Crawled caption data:
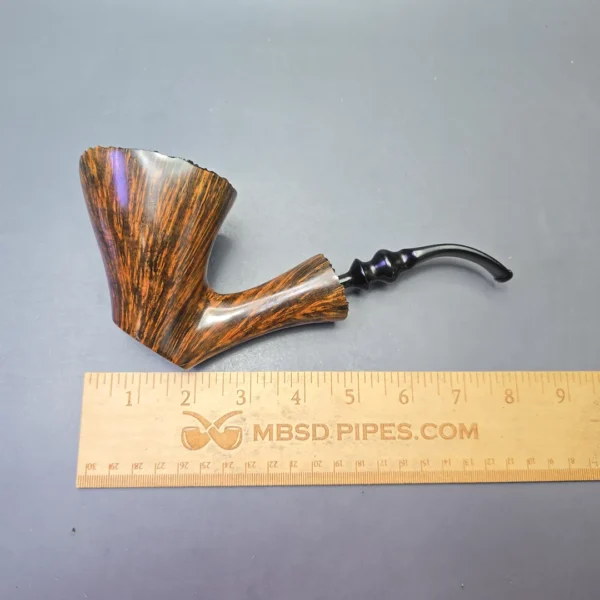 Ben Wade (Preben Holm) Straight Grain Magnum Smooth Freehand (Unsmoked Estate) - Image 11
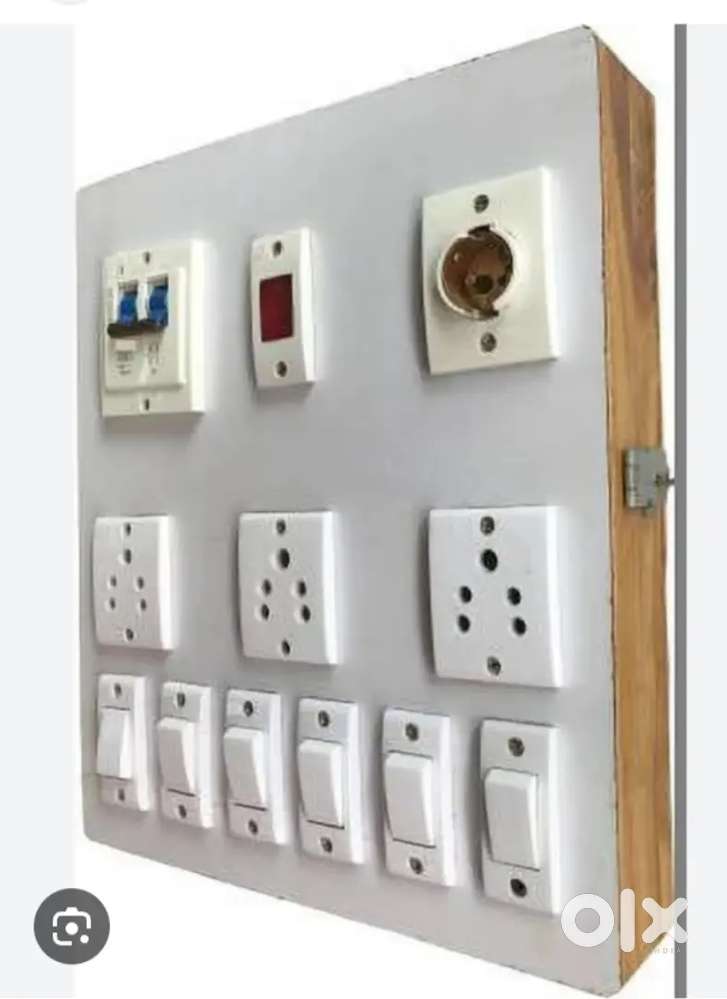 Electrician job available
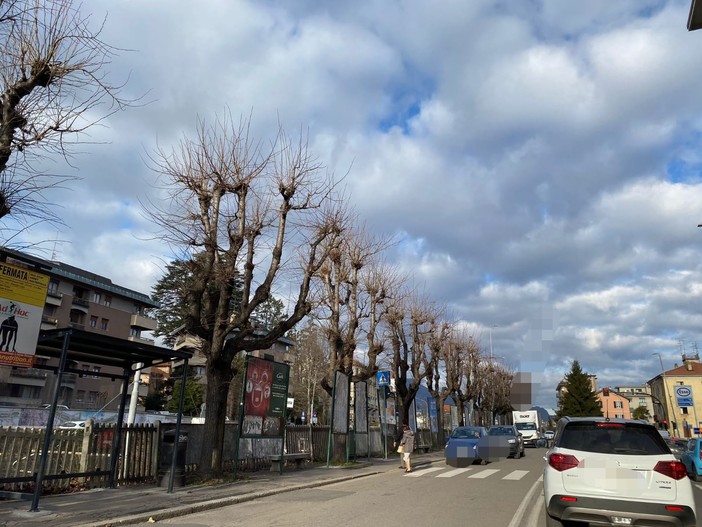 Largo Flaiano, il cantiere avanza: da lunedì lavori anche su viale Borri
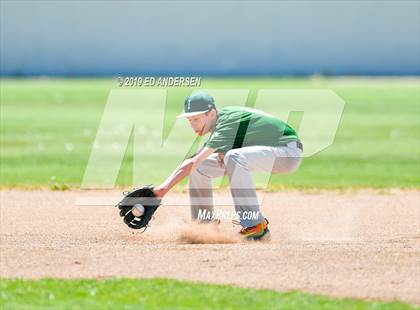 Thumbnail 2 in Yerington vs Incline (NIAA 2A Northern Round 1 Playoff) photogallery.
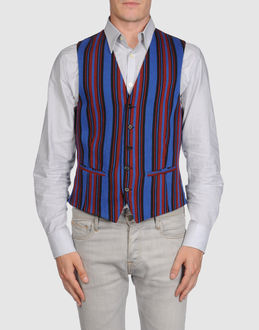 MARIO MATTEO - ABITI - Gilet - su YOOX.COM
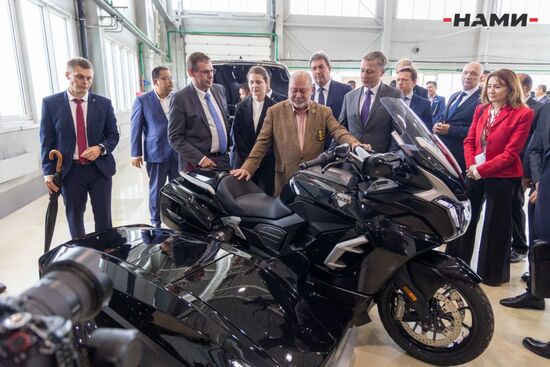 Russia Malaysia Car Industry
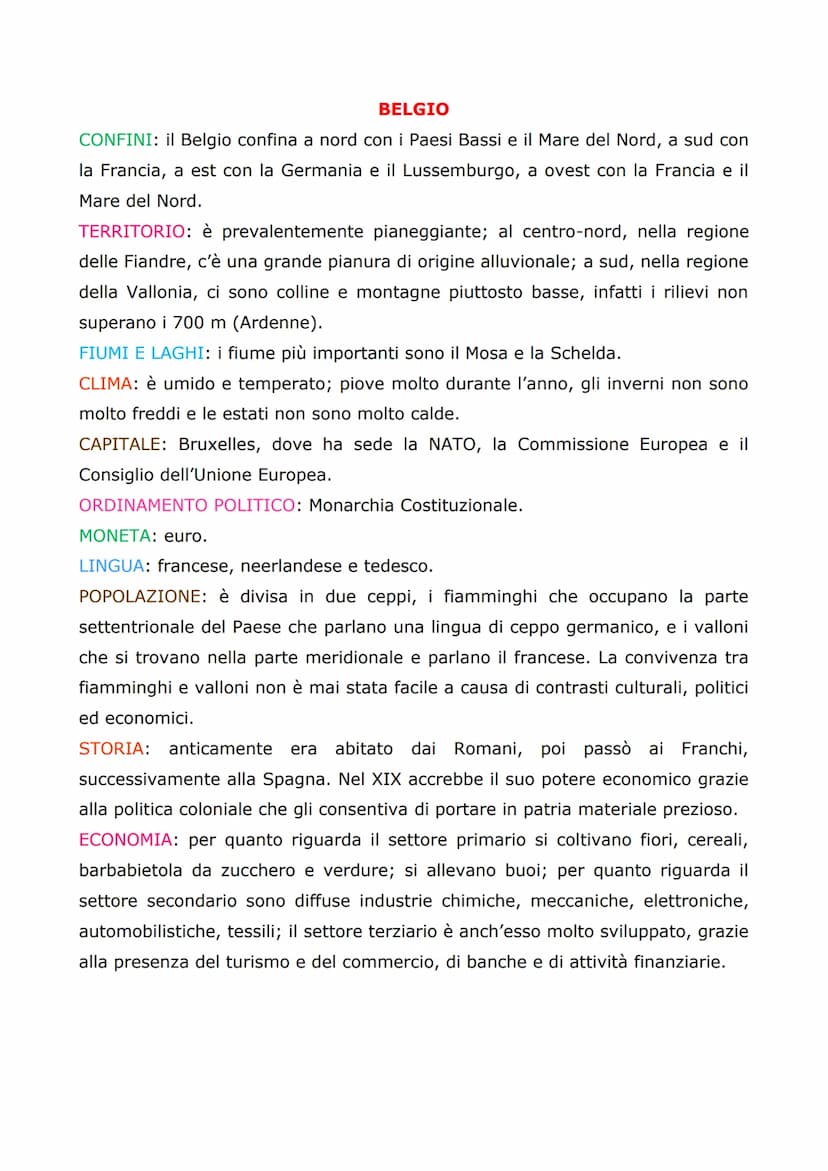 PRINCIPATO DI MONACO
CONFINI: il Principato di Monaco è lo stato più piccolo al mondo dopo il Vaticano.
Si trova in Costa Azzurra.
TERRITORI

_What you have to do_: With images excluded, write the records above out again exactly.

_Answer space_:
 Ben Wade (Preben Holm) Straight Grain Magnum Smooth Freehand (Unsmoked Estate) - Image 11
 Electrician job available
 Largo Flaiano, il cantiere avanza: da lunedì lavori anche su viale Borri
 Thumbnail 2 in Yerington vs Incline (NIAA 2A Northern Round 1 Playoff) photogallery.
 MARIO MATTEO - ABITI - Gilet - su YOOX.COM
 Russia Malaysia Car Industry
 PRINCIPATO DI MONACO
CONFINI: il Principato di Monaco è lo stato più piccolo al mondo dopo il Vaticano.
Si trova in Costa Azzurra.
TERRITORI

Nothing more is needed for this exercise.